Data records:
-- Opening Marker --
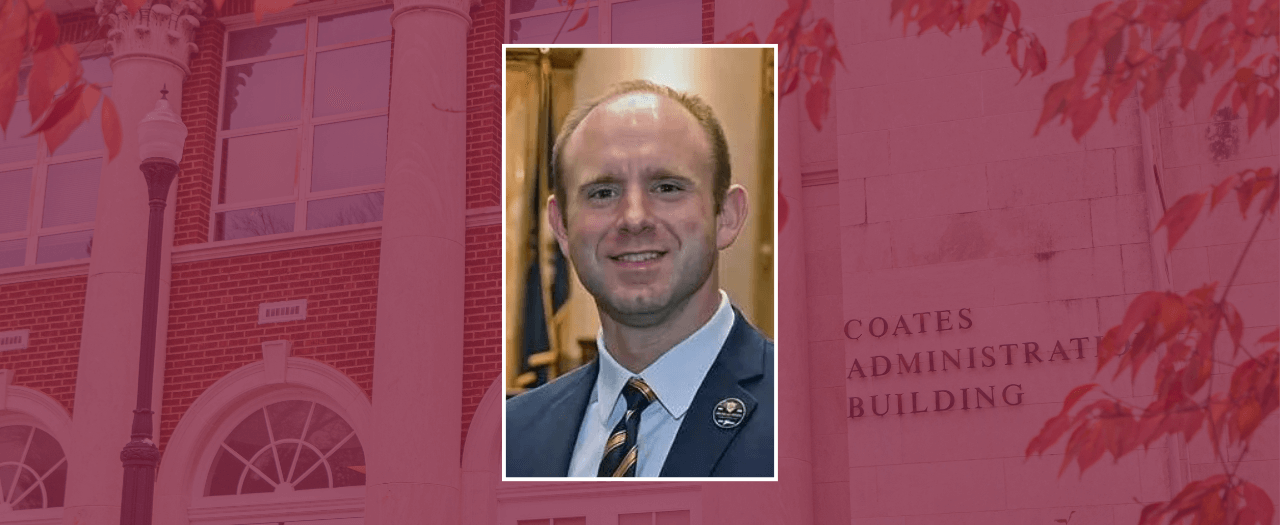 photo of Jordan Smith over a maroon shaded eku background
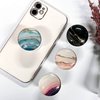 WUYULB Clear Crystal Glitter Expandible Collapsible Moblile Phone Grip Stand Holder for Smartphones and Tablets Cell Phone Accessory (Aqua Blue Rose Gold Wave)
-- Closing Marker --
-- Opening Marker --
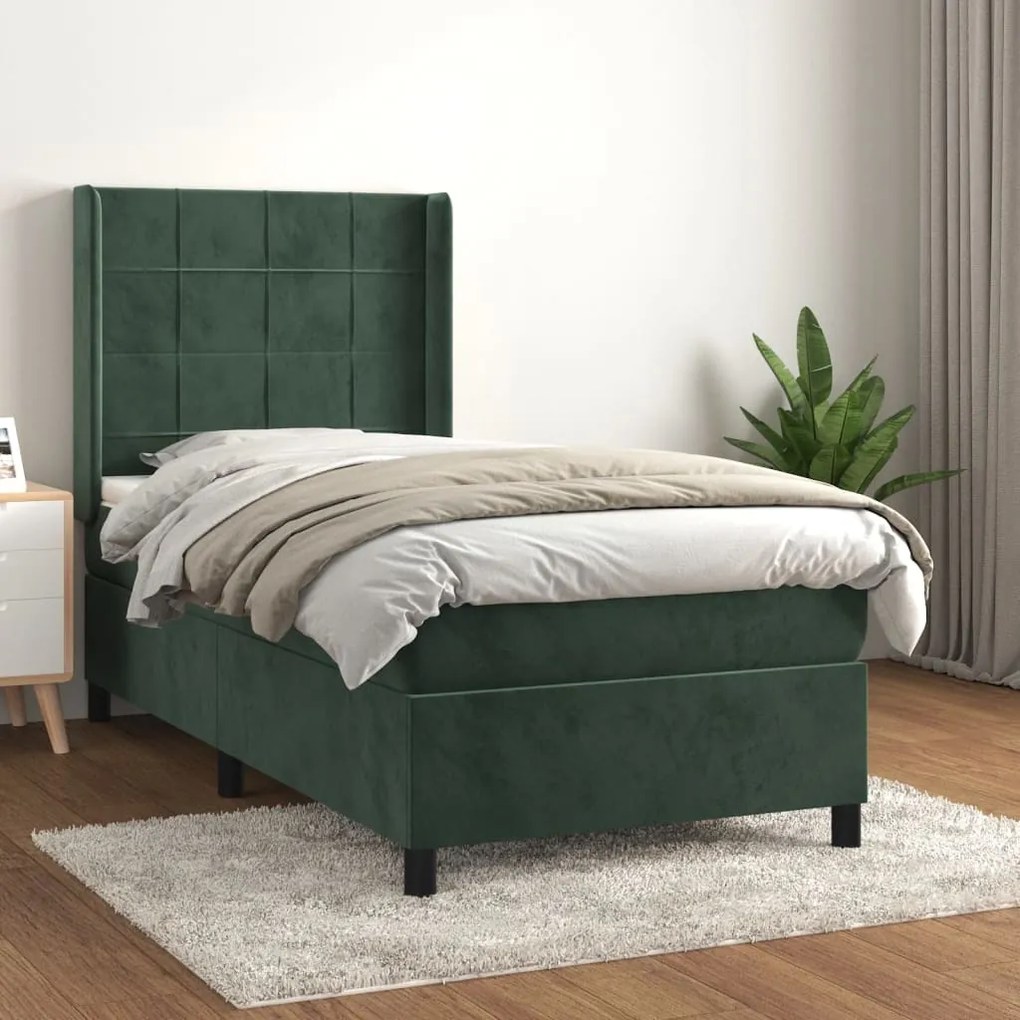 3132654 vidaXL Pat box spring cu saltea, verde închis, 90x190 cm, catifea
-- Closing Marker --
Prompt: Give again, exactly as written above, each line from the one that has "photo of Jordan" to the one that has "WUYULB Clear Crystal", both included; omit the pictures.

Your response:
 photo of Jordan Smith over a maroon shaded eku background
 WUYULB Clear Crystal Glitter Expandible Collapsible Moblile Phone Grip Stand Holder for Smartphones and Tablets Cell Phone Accessory (Aqua Blue Rose Gold Wave)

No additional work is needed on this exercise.